Common hyperparameter for splines by categories

Interfaces brms
1

Hello!

In brms, when setting a cubic spline, for example

y ~ s (x, "cr", k =4, by = cat)

Weights of basis are normally distributed with estimated standard-deviation. When using a spline for each factor level, a standard-deviation is estimated for each factor level.

I’d like to estimate a common standard-deviation of basis for each factor level. Is this possible? I tried to use the “id” argument, but the code still produces a “sds” per category.

Thank you very much!
Lucas

2

Hello!

I’ll define my question more precisely. Here is my data generating process :

library(tidyverse)
library(splines)
library(brms)

D <- tibble(x = rep(seq(from=0, to=15, by=2),6),
            cat = rep(LETTERS[1:3],each = 16))# generating inputs

B <- t(bs(X, knots=seq(-5,5,1), degree=3, intercept = TRUE)) # creating the B-splines
num_data <- length(X); num_basis <- nrow(B)
a0 <- matrix(c(0.2,0.2,0.5,0.5,-0.2,-0.2), ncol = 6) # intercept
a_A1 <- rnorm(num_basis, 0, 1) # coefficients of B-splines
a_A2 <- rnorm(num_basis, a_A1, 0.2)
a_B1 <- rnorm(num_basis, 0, 1) # coefficients of B-splines
a_B2 <- rnorm(num_basis, a_B1, 0.2)
a_C1 <- rnorm(num_basis, 0, 1) # coefficients of B-splines
a_C2 <- rnorm(num_basis, a_C1, 0.2)
A <- matrix(c(a_A1, a_A2, a_B1, a_B2, a_C1, a_C2), ncol = 6)
Y_true <- as.vector(t(a0)%*%X + t(A)%*%B) # generating the output
D$y <- Y_true + rnorm(length(X),0,.2) # adding noise

D %>% ggplot(aes(x = x, y = y, color = cat)) + 
  geom_point() + 
  geom_smooth()

In math :

y_i \sim Normal(\mu_i, \sigma)\\ \mu_i = \beta_c x_i + f_c(x)\\ f_c(x) = \sum^K_{k=1} \alpha_{ck}b_k\\ \alpha_{ck} \sim normal(0, \tau)

Where c is the index of the category at which the observation i belongs. There is one standard deviation of weights common to each category (\tau).

However, when I fit this with brms using the following code, I get an sd estimated for each level of my category, such as :

\alpha_{ck} \sim normal(0, \tau_c) 
# Store formula
form_spline <- bf(y ~ cat + s(x, by = cat, k = 3))
make_stancode(form_spline, data = D)

Is it possible to estimate a unique standard-deviation, as in my data generating process? I am afraid my real data does not contain enough information to estimate C standard-deviation without causing divergences.

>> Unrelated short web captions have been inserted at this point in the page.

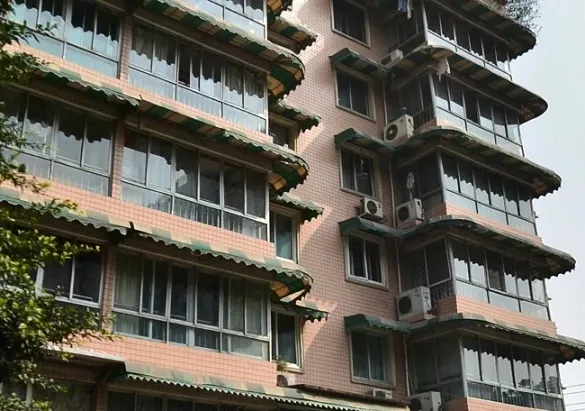 梓桐苑2室1厅1卫南朝向2500.00元/月出租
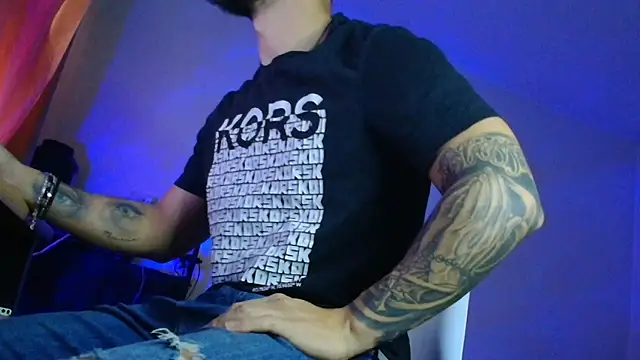 XanderCage99 online show from November 4, 2025, 8:07 am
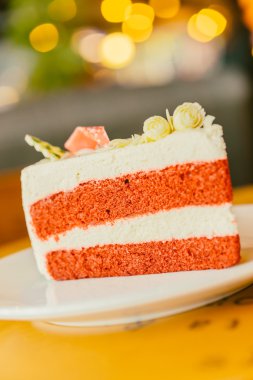 Kırmızı kadife kek.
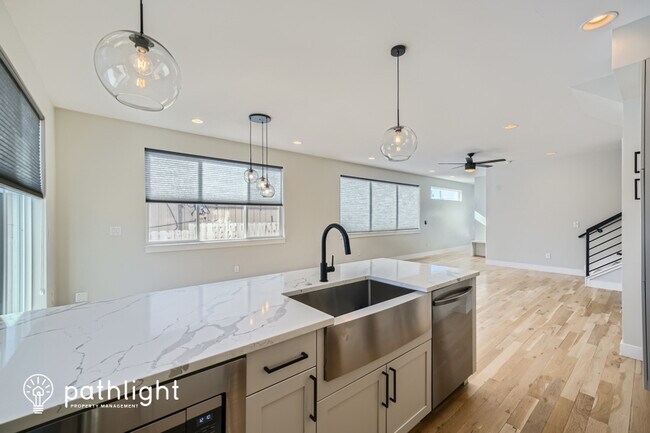 Building Photo - 1538 Tabor St, Lakewood, CO, 80215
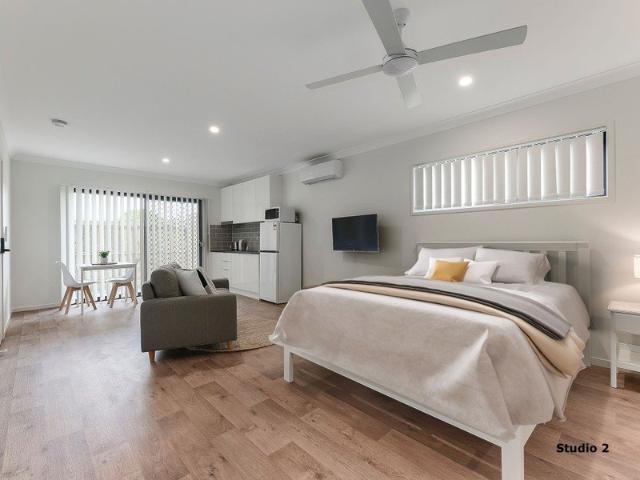MODERN FURNISHED STUDIO WITH BILLS INCLUDED!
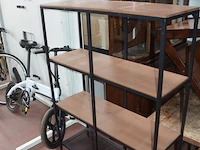 Modern rek 4 leggers afm. 100x36x136, vitrinekast 2 deuren 1 glazen deur afm. 100x44x180, verrijdbaar tv meubel afm. 70x52x70, salontafel houten blad metalen onderstel afm. 113x48x48 - afbeelding 9 van  9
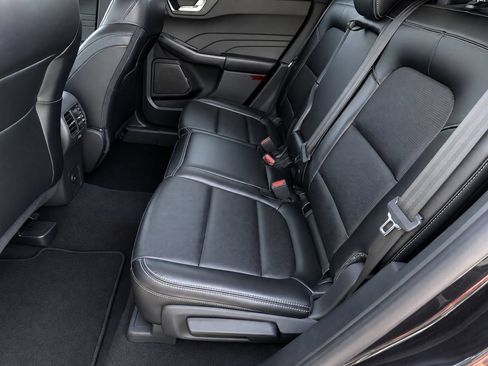 Used 2025 Ford Escape Platinum AWD/4WD image 35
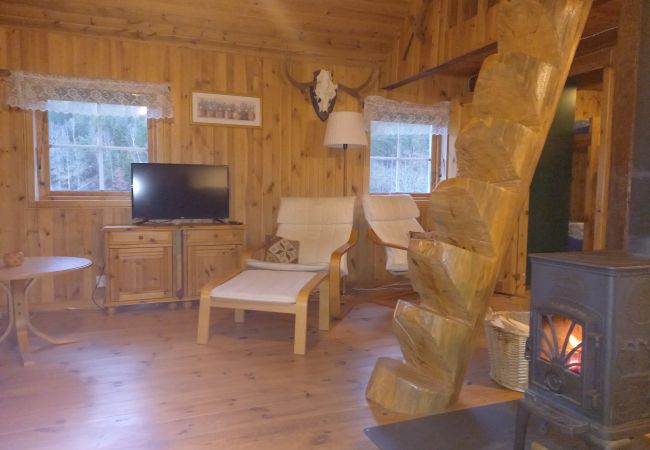 House in Karl Gustav - Holiday home between the lakes Oklången and Mäsen House in Karl Gustav - Holiday home between the lakes Oklången and Mäsen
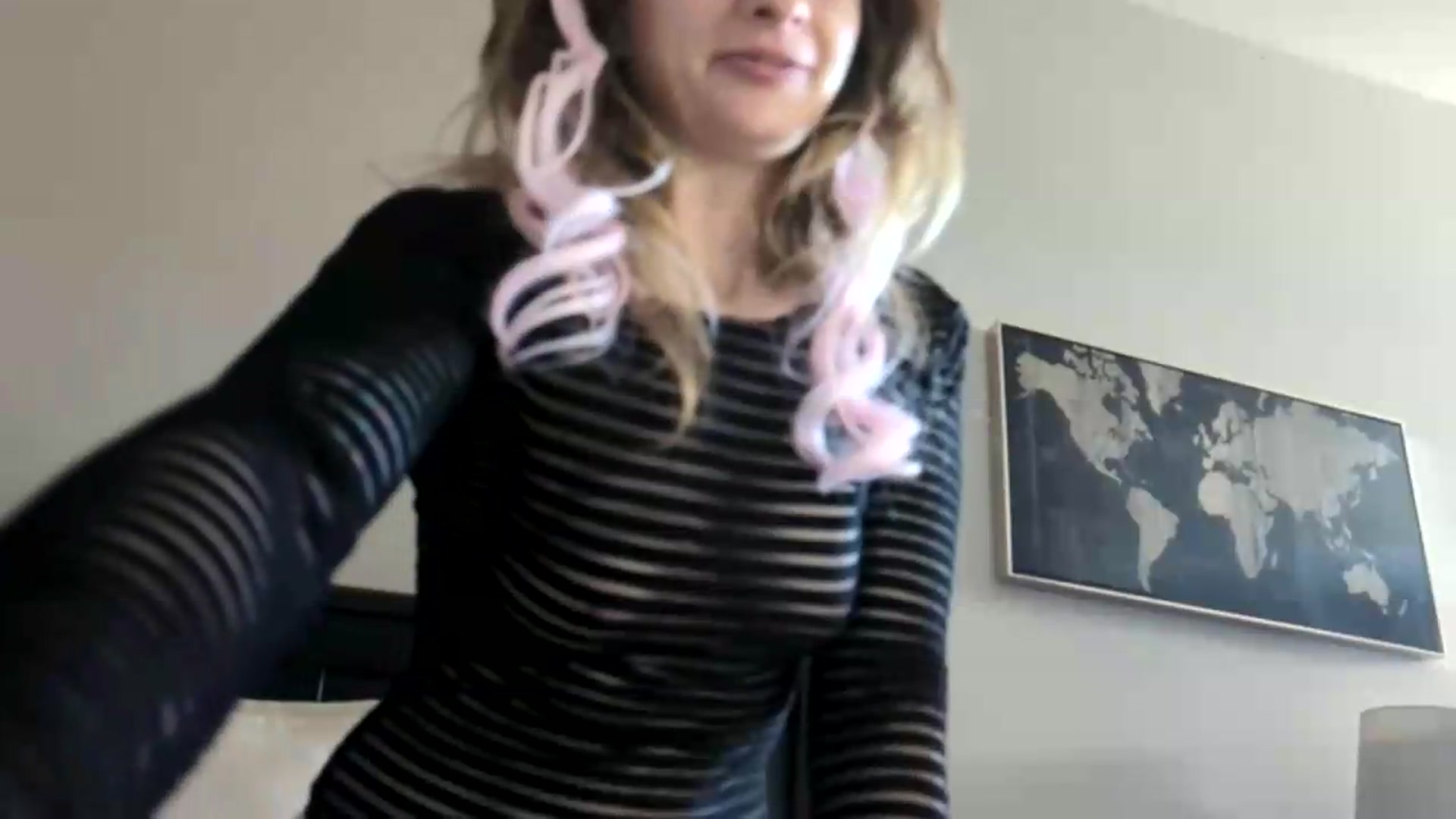 Gallery image thumbnail from mylabearxo's myfreecams stream on, 08/17/2026, 17:33 image 19 of 20
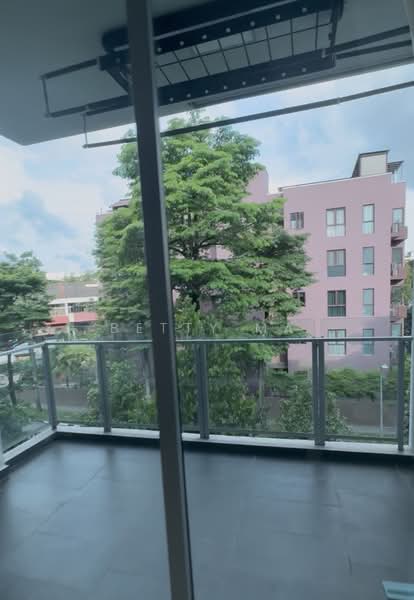 Canberra Residences, 503 Canberra Drive, 2 Bedrooms, 904 sqft, Condominium For Sale, by Betty Ma, 500194833 - Balcony - PropertyGuru.com.sg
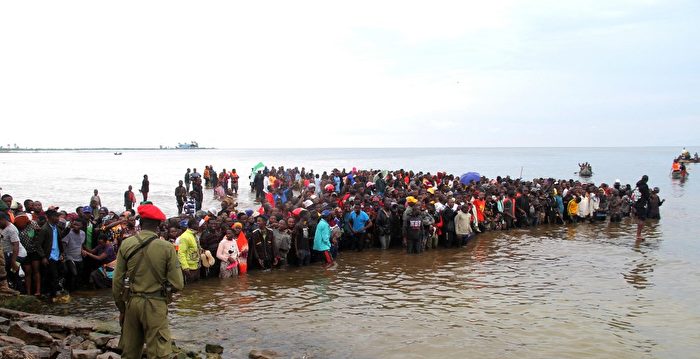 坦桑尼亚载43人航班坠湖 19人死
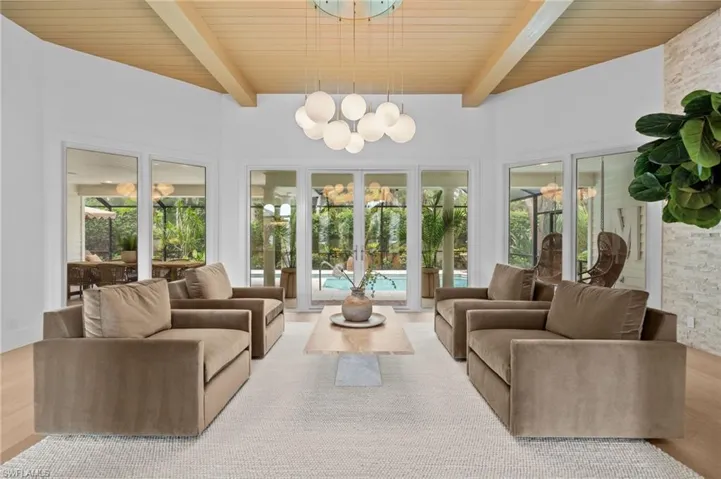 189 Edgemere Way S, Naples, Florida 34105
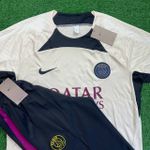 Conjunto De Treino Meia Calça + Camisa PSG- 23/24 Bege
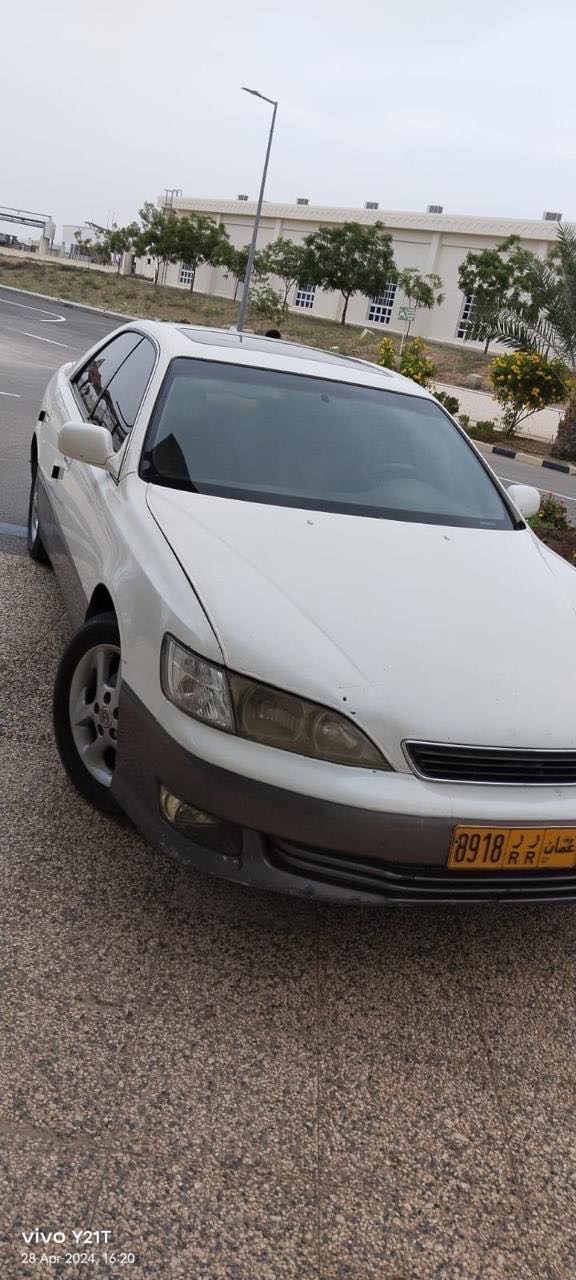 2000 Lexus ES 330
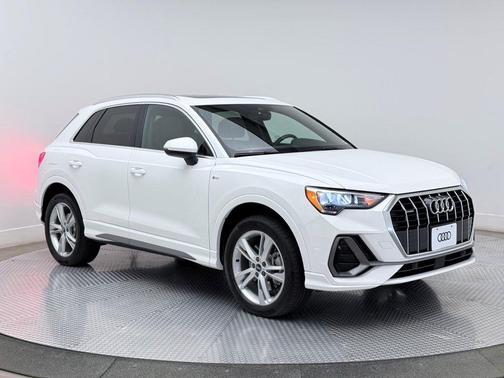 2022 Audi Q3 45 S line Premium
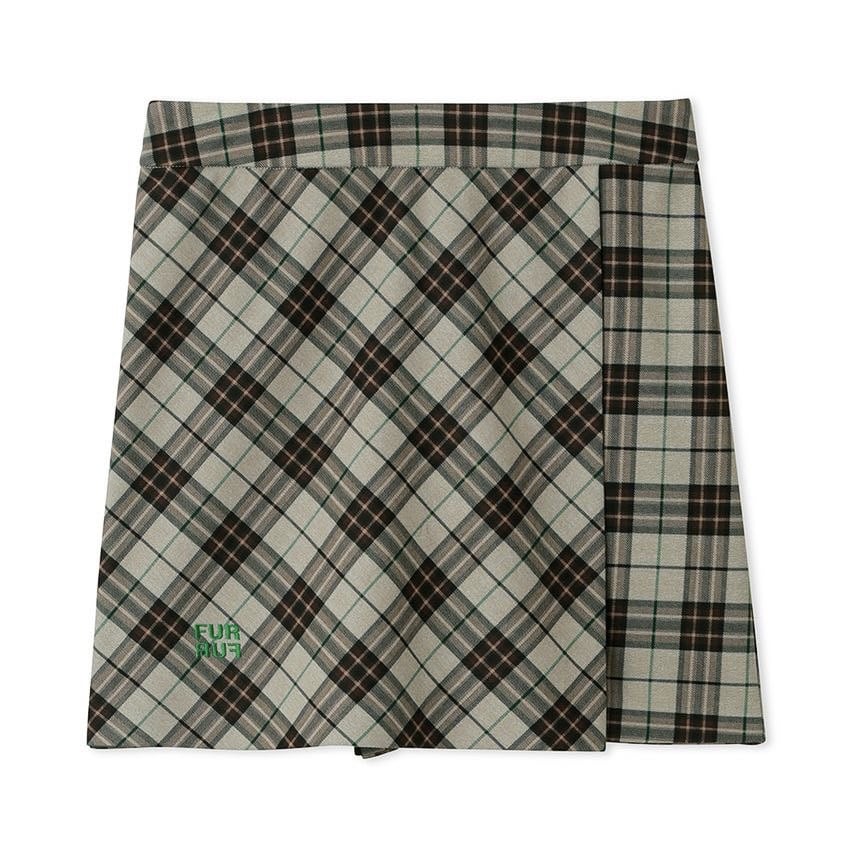 ロゴ刺繍入りラップ風スカショーパン BRW F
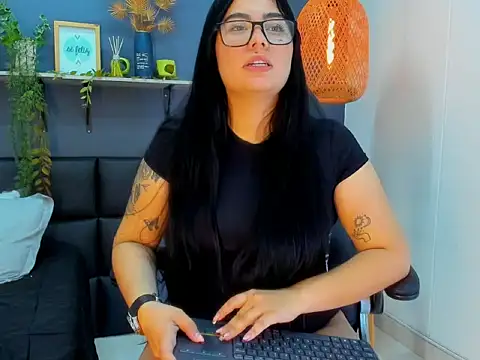 eliza_pink24's cam snapshot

I tried the following approach, based upon the “id” argument from s(), which states

An id with a factor by variable causes the smooths at each factor level to have the same smoothing parameter.

Unfortunately, the following code still produces C standard-deviation to be estimated.

form_spline <- bf(y ~ cat + s(x, by = cat, k = 3, id = "a"))
make_stancode(form_spline, data = D)

Is someone aware of any solution?

Thank you very much!
Lucas

1 Like
3

Unfortunately, I don’t think this is currently possible from the brms side unless there is a functionality for this already built into mgcv.

4

Hi Paul!

The “id” argument of s () seems to be related, but I do not know how it is treated internally.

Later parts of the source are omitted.